Objective 4: Learn and share lessons related to the process of knowledge synthesis and communication and how this contributes to change:
●
Evaluate the process of product development; how different user groups (differentiated by gender and other socioeconomic groupings) source
and use knowledge and the value of different communication products for such diverse groups and; how attitudes and behavior change
amongst those involved or impacted by debates on how to improve soil fertility and how ISFM is seen vis a vis alternative approaches as a
result of the influence of project awareness raising activities;
●
Support M&E activities implemented by collaborating projects (such as AGRA) to assess impact and the contribution of the project.

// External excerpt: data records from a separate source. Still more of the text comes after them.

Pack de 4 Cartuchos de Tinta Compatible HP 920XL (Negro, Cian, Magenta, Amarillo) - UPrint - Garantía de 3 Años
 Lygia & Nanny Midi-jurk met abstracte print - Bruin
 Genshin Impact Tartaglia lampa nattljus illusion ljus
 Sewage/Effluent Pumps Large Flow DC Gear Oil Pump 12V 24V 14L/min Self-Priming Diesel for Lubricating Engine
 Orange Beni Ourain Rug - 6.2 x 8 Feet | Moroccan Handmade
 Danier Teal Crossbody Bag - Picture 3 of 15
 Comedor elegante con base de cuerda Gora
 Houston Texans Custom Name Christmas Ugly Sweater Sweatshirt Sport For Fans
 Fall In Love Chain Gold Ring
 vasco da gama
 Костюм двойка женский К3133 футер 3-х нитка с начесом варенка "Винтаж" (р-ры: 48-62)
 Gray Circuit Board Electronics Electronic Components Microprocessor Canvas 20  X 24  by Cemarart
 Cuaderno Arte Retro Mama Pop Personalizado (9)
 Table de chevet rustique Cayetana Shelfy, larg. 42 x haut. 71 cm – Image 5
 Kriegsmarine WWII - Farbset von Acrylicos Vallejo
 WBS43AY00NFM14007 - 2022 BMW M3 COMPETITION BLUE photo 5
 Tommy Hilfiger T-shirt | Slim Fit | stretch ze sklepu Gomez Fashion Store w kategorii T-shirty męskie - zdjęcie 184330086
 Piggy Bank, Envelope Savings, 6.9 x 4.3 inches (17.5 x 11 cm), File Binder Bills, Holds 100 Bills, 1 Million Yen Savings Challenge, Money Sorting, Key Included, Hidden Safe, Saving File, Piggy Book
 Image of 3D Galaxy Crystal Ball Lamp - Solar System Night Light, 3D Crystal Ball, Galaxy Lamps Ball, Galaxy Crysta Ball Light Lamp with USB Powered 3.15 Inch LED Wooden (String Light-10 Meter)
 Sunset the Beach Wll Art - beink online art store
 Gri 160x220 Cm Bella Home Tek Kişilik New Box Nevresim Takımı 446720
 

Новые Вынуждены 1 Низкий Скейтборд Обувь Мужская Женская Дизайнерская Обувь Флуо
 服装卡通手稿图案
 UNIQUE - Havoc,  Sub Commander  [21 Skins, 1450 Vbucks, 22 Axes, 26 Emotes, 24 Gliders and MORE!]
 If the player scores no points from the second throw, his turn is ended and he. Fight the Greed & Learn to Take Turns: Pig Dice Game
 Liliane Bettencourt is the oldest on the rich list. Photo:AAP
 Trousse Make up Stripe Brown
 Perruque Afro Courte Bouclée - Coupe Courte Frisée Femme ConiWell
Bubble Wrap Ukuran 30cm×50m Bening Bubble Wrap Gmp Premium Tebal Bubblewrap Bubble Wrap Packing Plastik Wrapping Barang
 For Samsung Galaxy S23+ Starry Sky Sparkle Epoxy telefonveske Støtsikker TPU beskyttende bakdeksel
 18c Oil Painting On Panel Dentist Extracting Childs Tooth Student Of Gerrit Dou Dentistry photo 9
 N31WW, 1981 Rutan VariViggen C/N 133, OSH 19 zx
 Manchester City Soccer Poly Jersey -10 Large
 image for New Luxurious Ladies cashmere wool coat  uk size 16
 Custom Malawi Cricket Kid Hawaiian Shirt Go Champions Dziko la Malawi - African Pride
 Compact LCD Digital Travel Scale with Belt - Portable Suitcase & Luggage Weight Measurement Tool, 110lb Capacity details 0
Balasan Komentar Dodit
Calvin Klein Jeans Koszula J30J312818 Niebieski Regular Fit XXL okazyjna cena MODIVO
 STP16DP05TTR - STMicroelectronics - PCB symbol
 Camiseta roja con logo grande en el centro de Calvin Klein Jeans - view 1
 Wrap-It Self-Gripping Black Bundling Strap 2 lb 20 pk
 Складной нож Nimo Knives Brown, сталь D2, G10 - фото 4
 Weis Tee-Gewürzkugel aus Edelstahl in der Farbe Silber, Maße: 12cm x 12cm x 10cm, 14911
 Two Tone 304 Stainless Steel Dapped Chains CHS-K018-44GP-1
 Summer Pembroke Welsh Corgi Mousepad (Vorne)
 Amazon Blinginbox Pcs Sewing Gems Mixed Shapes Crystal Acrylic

Objective 5: Communication of mechanisms for application and use of ISFM framework and of the value of using ISFM:
●
Contribute to long-term impact by: raising awareness of ISFM amongst stakeholders and providing information needed to improve decisionmaking by policy makers, extension workers, input suppliers and other supply chain actors that influence the implementation of ISFM and
influencing curricula in educational institutions that will positively impact on the capacity of future graduates to promote state-of-the-art ISFM
technologies in SSA.
The project we will draw on expertise from a Technical Advisory Group (TAG), comprising individuals from organizations active in researching and
implementing ISFM in SSA as well as representatives of private sector input suppliers and other key expertise such as gender, policy processes and
development communication to synthesize up-to-date information on ISFM and use it to produce materials in a range of formats targeted at different
stakeholders including policy makers, private sector actors, extension workers, farmers and university students.
Part A – Background (1)
Purpose and Objectives
Purpose:
To synthesize and disseminate up-to-date knowledge on integrated
soil fertility management (ISFM) to drive increased productivity in
smallholder farms in sub-Saharan Africa (SSA)
Objectives
•
To define and describe the ISFM framework and prepare generic core
reference content (Level 1 content) that applies across different cropping
systems
• To prepare core cropping systems reference content (Level 2 content)
that incorporates ISFM
• To build capacity of National product preparation teams to develop
customized site specific material (Level 3 content) designed to support ongoing development initiatives in the identified cropping systems
• To learn and share lessons related to the process of knowledge
synthesis and communication and how this contributes to change
• To establish communication of mechanisms for application and use of
ISFM framework and of the value of using ISFM
Part A – Background (2)
Key Stakeholders and Beneficiaries
● Stakeholders and Beneficiaries:● Donor(s): Bill and Melinda Gates Foundation
● End-user(s): Direct: Change agents in on-going initiatives
to introduce ISFM (incl. extension workers, agro dealers,
NGOS, as well as media (print, TV, radio, web) and policy
makers), agricultural institutions
Indirect: Farmers working in AGRA-funded projects and
other initiatives working towards improving productivity of
Farming systems in SSA
● Partner(s): AGRA, Technical Advisory Board (including
individuals from WUR, TSBF-CIAT, WARDA, CIRAD,
AGRA, CIMMYT) IFDC, IPNI, ICT-KM Programme,
Advanced Research Institutes/CG centres,
● CABI Centres/Departments: CABI Africa, Publishing
Part B – Implementation (1)
Proposed Organisation Structure
● Corporate Management:
● Project Board:● Project Executive: Dannie Romney
● Senior Users: Dannie Romney, Patricia Neenan
● Senior Suppliers: Morris Akiri, Andrea Powell
● Project Assurance: Patricia Neenan
● CABI Budget-holder: Project Manager
Note that, if not the Project Executive, the CABI Budget-holder must have written confirmation from the Project
Executive, and the Project Manager if required by Project Executive, prior to authorising payment.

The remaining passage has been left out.